I didn't believe him.
"Don't bother me," I thought, "I'm sleeping."
You see, I already had big plans for the future. I had a pep rally to go to. And then I had a football game to attend. And then I had the dance to think about after. What did I need a lesson in Government or History for? Why did something that happened a billion years ago matter to my life now?
And I rarely studied.
Diane: Don't you ever read?
Thornton Melon: Read. Who has time? I see the movie. I'm in and out in two hours.
Fast forward to 2001. My pom poms were long gone and it was the year the World Trade Center was bombed by two airplanes. I was cat-sitting in an apartment that was located a half hour West from my hometown in the Oakland/Berkeley area. History was being made. Big words and deep thought were being tossed around. People spoke differently on the other side of the Caldecott tunnel. This tunnel separated my native suburbia from intellectual and politically correct urbia. I can't say I knew what the heck people were talking about half the time, but I wanted to.
Toto, we are no longer in Kansas.
I decided I wanted to become part of the dialogue. The dialogue of what was happening in the world, and, well, ... life. Like the late Mr. Jameison, may he rest in peace, said to me all those years ago, I did finally want to "know this stuff."
I had never finished college, for many reasons, and here I was now, in 2010, perhaps having my first "mid life crisis" as I contemplated all the decisions to be made if I chose to go back to school.
What would I major in? I have many interests.
"I say you should throw history in the hat," my friend Peggy told me one night after coming out of a movie theatre. As someone who has permission to view my Netflix queue, she has seen the growing list of documentaries on the aftermath of WWII and "The Rise and Fall of Communism."
"I don't know," I said, "it's really just a hobby."
Another friend suggested theatre arts, which is, by default, an obvious choice in some ways.

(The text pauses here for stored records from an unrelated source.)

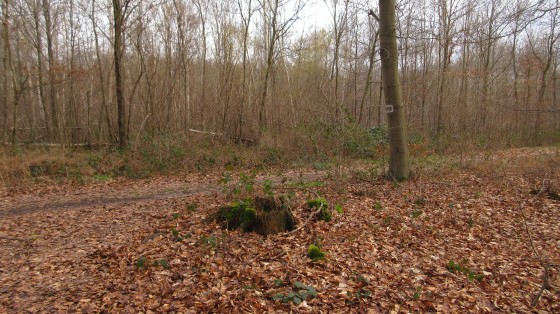 Forêt d\'Ermenonville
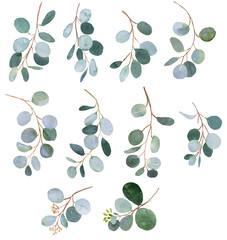 Eucalyptus watercolor twigs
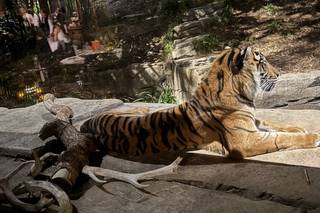 San Diego Zoo Wildlife Alliance - 29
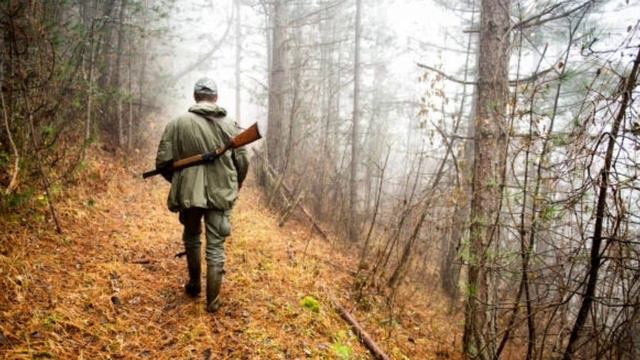 DOGMAN, HUNTER HAS HIS RIFLE KNOCKED OUT IF HIS HANDS IN A TERRIFYING ENCOUNTER смотреть онлайн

"But I really want to develop on my writing," I tell him, "not that I don't love acting...."
And how would I pay for it? I didn't want to be up to my neck in student loans if I couldn't ever pay them back with an artsy fartsy degree which qualified me for nothing but bragging rights.
"You can check the 'over forty' box when applying," my friend Cynthia informed me.
"I don't turn forty till November! What are you doing to me? Pushing me over to the other side of the hill already?" I spouted.
Is it true? Do they give more money to more "mature" returning students?
I was feeling overwhelmed.
My parents didn't finish college either. In fact, no one in my immediate family has, so does this mean I can check the "first member of the family to go to college" box? Can that also be part of my sob story? Don't Universities love a good sob story?
"In those days," my mother told me, "women did not have choices. We were not encouraged to pursue a career. We were supposed to get married and have children because that's what you did."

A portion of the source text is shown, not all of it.